The late Edward Said, the best-known American Palestinian, called Arafat's rule a tragedy for his people.
I agree. It was a great tragedy for Palestinians that they had Arafat always, and couldn't get rid of him.
I felt he should have left at least 10 years ago. ... He had serious flaws for the role he tried to play: He was an absurd micromanager; he wasn't creative, but reactive, and in negotiations he rarely put forth a positive proposal of his own.
What was your first impression of him?
He wasn't pompous or officious, but direct, straightforward. I was impressed with his Arab charm; he was very hospitable. He was always impatient with Americans. He said over and over that the Americans should deal with the Mideast in terms of their national interest. Why can't the Americans see it is not in their national interest to treat Israel as their little baby, he felt. This is the term he used - Israel is America's little baby.
What did Arafat think about Israelis?
He often called them "our cousins." His attitudes were of course highly mixed. Like all Palestinians, he resented the creation of Israel "on our Arab lands." He saw Israel as being established by an international Zionist conspiracy supported by the West as a way for Christians to erase their guilt for crimes against the Jews in Europe. But certainly after the war of 1973 he came to terms with the reality that Israeli was here to stay.

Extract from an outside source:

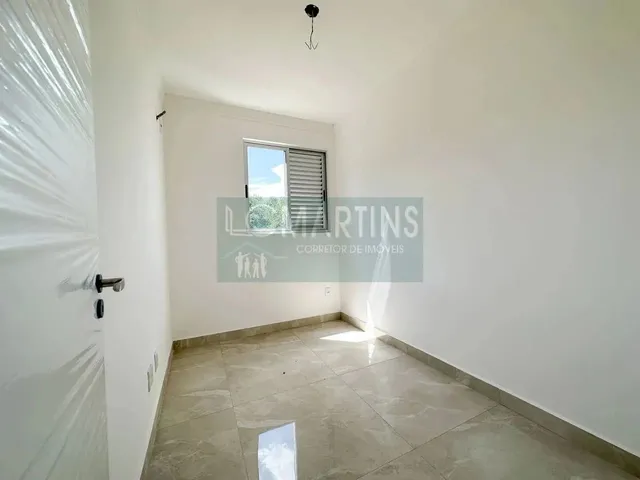 Imagem 3: Cobertura 3 Quartos À Venda, 75 M²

His overpowering ambition was to get other nations to pressure Israel to make a "fair" deal for a two-state solution. He felt no Israeli government would make such a deal without strong outside pressure.
Any special remembrances of the man?
[President Jimmy] Carter asked me to see Arafat and persuade him to open official US talks. I got nowhere. Finally I took a daring line in Beirut and said, "Mr. Chairman, you have talked with me for two years about how you are ready for peace. But no one will talk. Why not write a letter to Prime Minister [Menachem] Begin, urgently asking him to meet anytime, anyplace, without any preconditions to settle the quarrels between our two peoples. Full stop. If Begin says no, you publicize the letter. If yes, you have started something." He let me sit in silence for minutes. Finally he slumped over, with a low voice, looking at the floor, he said, "I'm not strong enough." He didn't say I was crazy, or order me out. Just, "I'm not strong enough."
Was Arafat a terrorist?
I think he had blood on his hands. I think he committed terrorist acts in his early field-fighter days. Whether it was on civilians, I doubt.
But let me digress. The man I learned most about the Middle East from is a retired Israeli general, Matti Peled, [who was] given credit for winning the Six Day War. Afterwards, ... he felt with a passion that the madness, as he called it, must stop. "We've got to be decent and just with the Palestinians and make a peace," he'd say. Once I watched him meet some Jewish students and advocate a deal with Arafat. Some students were very angry. How can we negotiate with terrorists they wondered? He said, "You are right. They are terrorists. But I want to tell you something. At age 15 I was a Jewish terrorist. I did things I'm ashamed to think about now. When people are driven to extremes, they do awful things."